§ **EXTRACTED INFORMATION**:
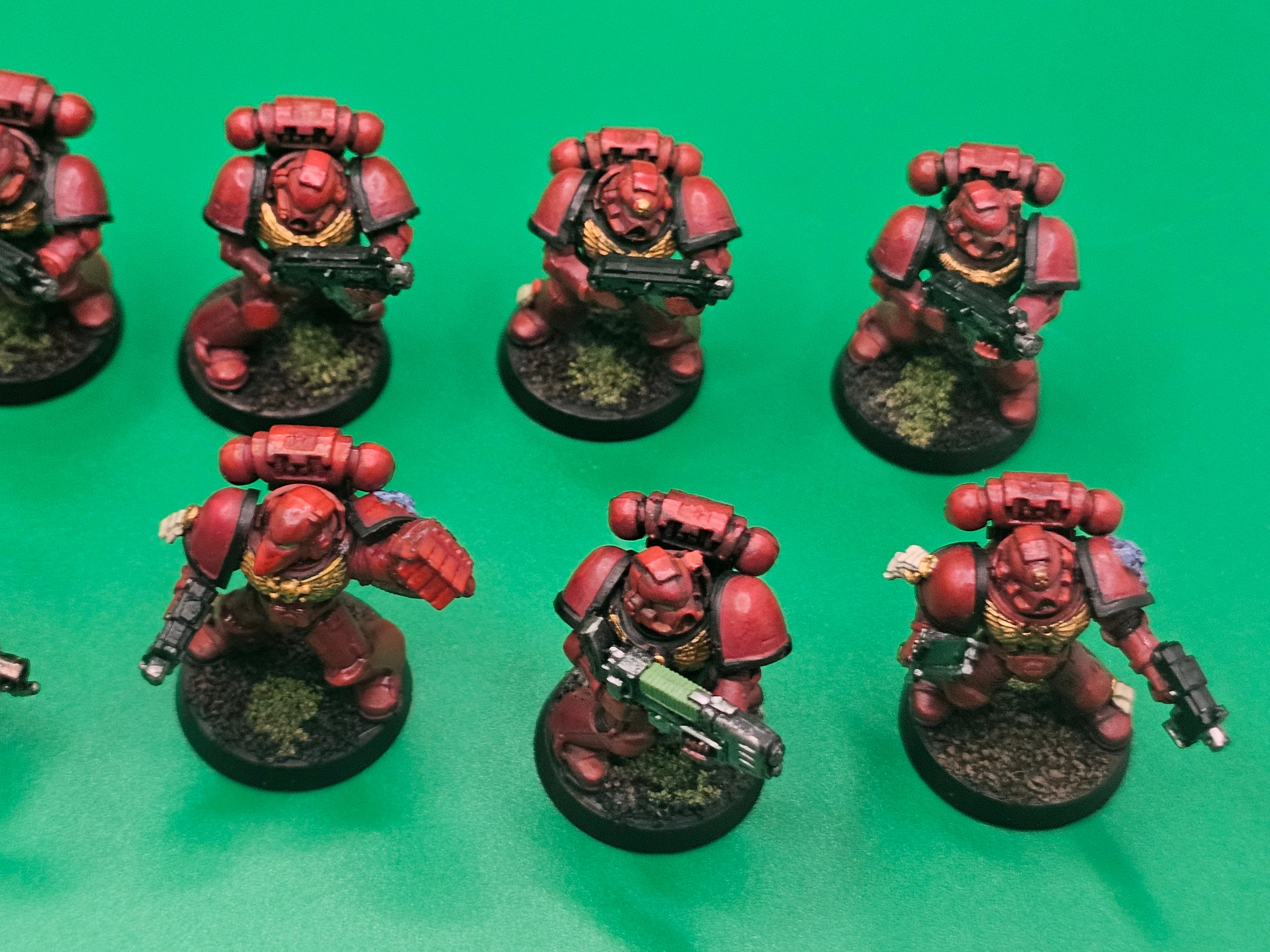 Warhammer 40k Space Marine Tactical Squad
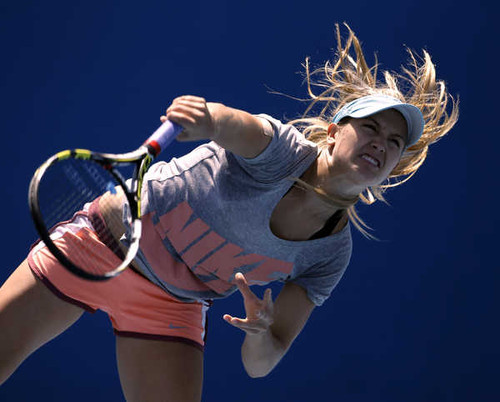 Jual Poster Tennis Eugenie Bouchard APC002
* * *
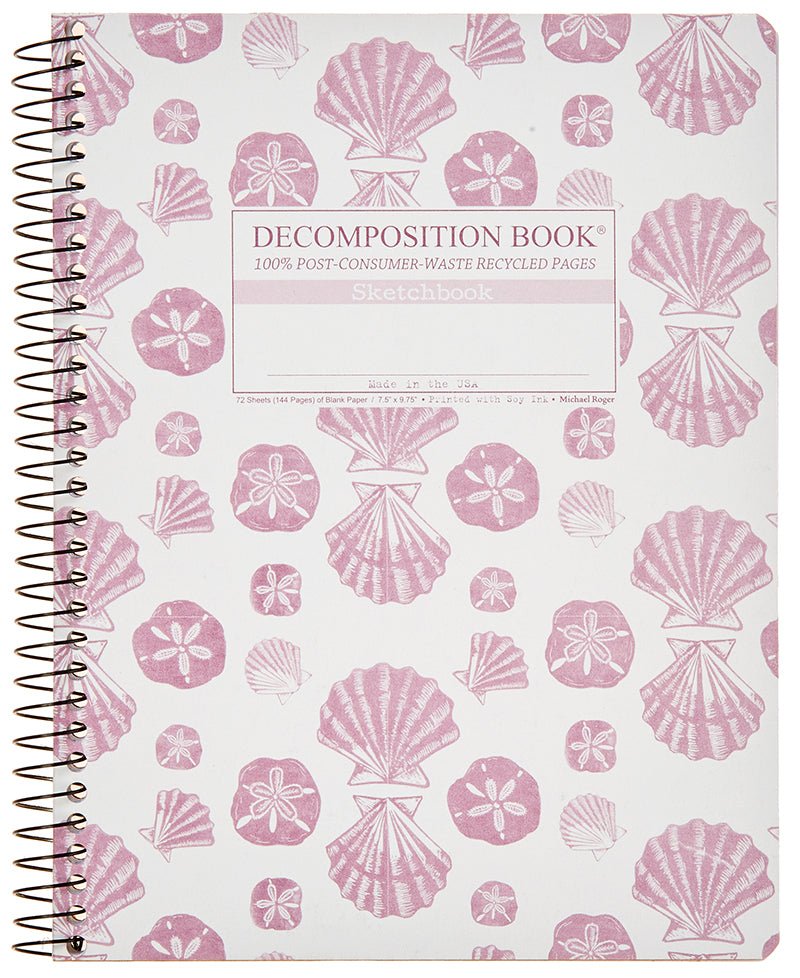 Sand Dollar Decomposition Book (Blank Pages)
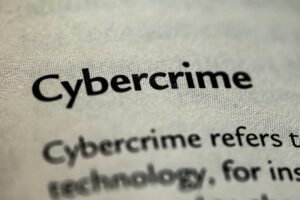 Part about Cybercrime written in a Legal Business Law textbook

§ **EXERCISE**:
Both the line containing "Sand Dollar Decomposition Book (Blank Pages)" and the line containing "Part about Cybercrime" above belong in the output, as do the lines between them. Print them exactly, without pictures.

§ **WORKED SOLUTION**:
 Sand Dollar Decomposition Book (Blank Pages)
 Part about Cybercrime written in a Legal Business Law textbook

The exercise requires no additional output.